How MLB Scouting Departments Grade The 2021 Draft Class
Today, Baseball America released its first combined draft list for the 2021 class, lining up the top college and high school players in the country.
While it is fun to dive into the weeds at a player-by-player level, it’s also instructive to get a bird’s eye view of the class. Like the 2020 class, the 2021 group is a unique bunch with less consensus at this point than in a typical year and inflated depth after a five-round draft in 2020 that sent plenty of talented players back to school.
So how do scouting departments view the 2021 class at this point? While opinions are certain to change as the college season unfolds, let’s see what the experts think of the class right now.
BA surveyed major league scouting departments and asked teams to grade the class on a 20-80 scale in a number of different categories. Fourteen teams responded. Here are the results.
Average Grade: 56
This question was left intentionally vague to get a sense of the class, generally, and to see the overall excitement level for the group. Outside of two votes at the extremes (one 70 and one 30), most of the industry seems to think this class is average or plus, overall.
Average Grade: 50
What’s more important for a draft class? Impact talent at the top or depth? That’s up to teams—and you—to decide, but it seems like the excitement for the 2021 class doesn’t come from the top-end, elite talent.

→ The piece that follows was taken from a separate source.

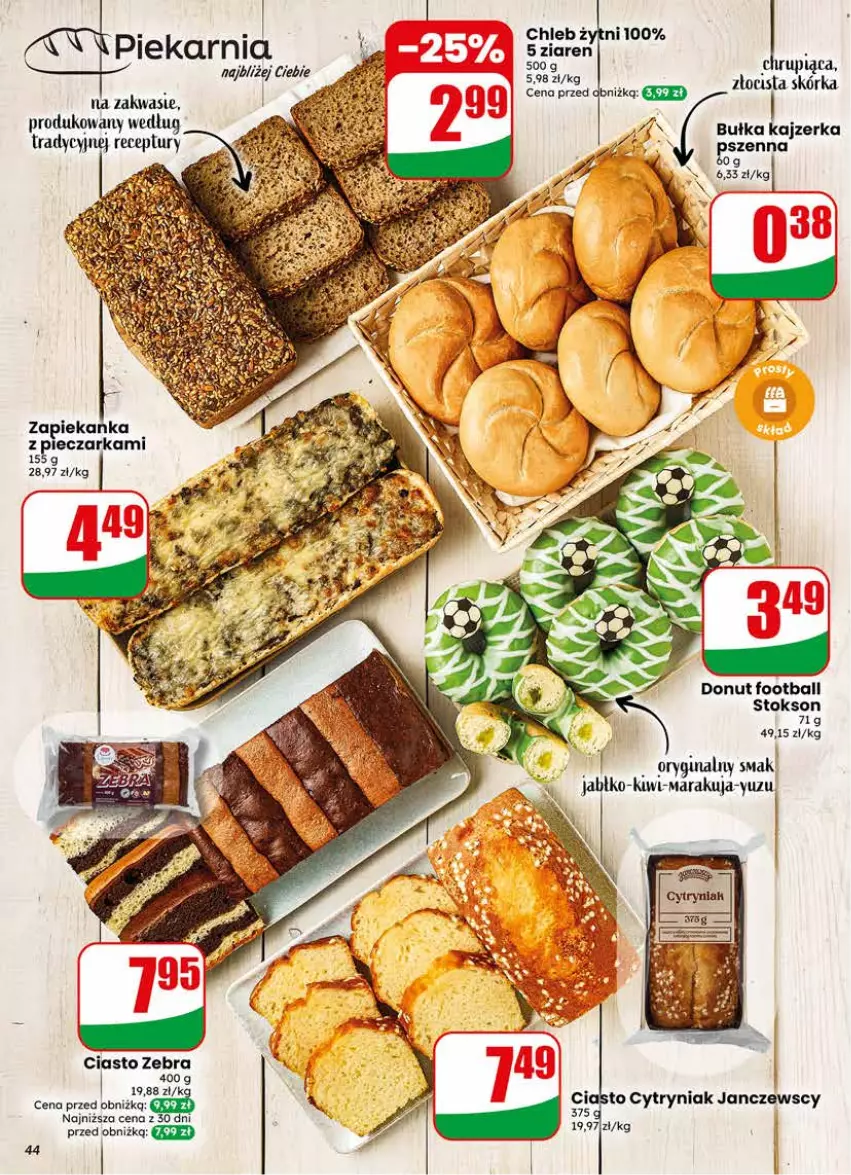 Gazetka promocyjna Dino - Gazetka 24 / 2026 - ważna 10.06 do 16.06.2026 - strona 44 - produkty: Bułka, Chleb, Donut, Gin, JBL, Kajzerka, Kiwi, Piec, Pieczarka, Zapiekanka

This is where you can also see how difficult it is to establish a consensus opinion for the 2021 draft class. There were five different grades with a wide range and no majority opinion, though most votes were clustered in the 40-60 range.
This wide distribution of opinions is telling. Typically the top-end players would be the most collectively understood group, but there’s plenty of uncertainty still as we head toward the college season.
Average Grade: 59
Depth appears to be the carrying tool for the 2021 group, which makes sense. A five-round draft in 2020 meant only 160 players were drafted—significantly less than in a typical year. The 2020 class itself was already lauded for its depth of talent, and much of that has been pushed over into the 2021 class.
The only surprise here might be the fact that only one team graded the depth out as an 80 (the only 80 grade the 2021 class received in any category). It’s hard to see a scenario where future draft classes get as much inflated depth as this one, barring another five-round draft.
Average Grade: 56
The college pitching had the highest floor of any category, with the lowest grade a 40 from just one team. Outside of that, 13 teams saw the college pitching as average or better, with most settling in on the plus range.
An interesting wrinkle to this grade is that while scouting departments acknowledge the overall talent of the college pitching, almost every arm in the class has significant questions to answer, from Kumar Rocker down to returning 2020-eligible players like Seth Lonsway. There are few, bonafide starters who check off every box. That could lead to plenty of movement this spring.
Average Grade: 44
The college hitting demographic is the group has the potential to take the 2021 class from merely a good draft class to a great one. At the moment, scouting departments are more skeptical of college hitting than any other category.
As is usually the case, college bats should move up draft boards as the college season unfolds, but how many premium bats will there be? There isn’t a single college hitter at the moment without significant questions.
Miami catcher Adrian Del Castillo, Louisville third baseman Alex Binelas, Sam Houston State outfielder Colton Cowser and UCLA shortstop Matt McLain all have an argument as the best pure hitter in the country. All have questions. Del Castillo and Binelas have positional questions that could hurt how they profile, Cowser has center field/corner outfield questions to go along with impact and small school nitpicks. McLain has power question marks, mixed results in college, and—for some teams—long term positional questions.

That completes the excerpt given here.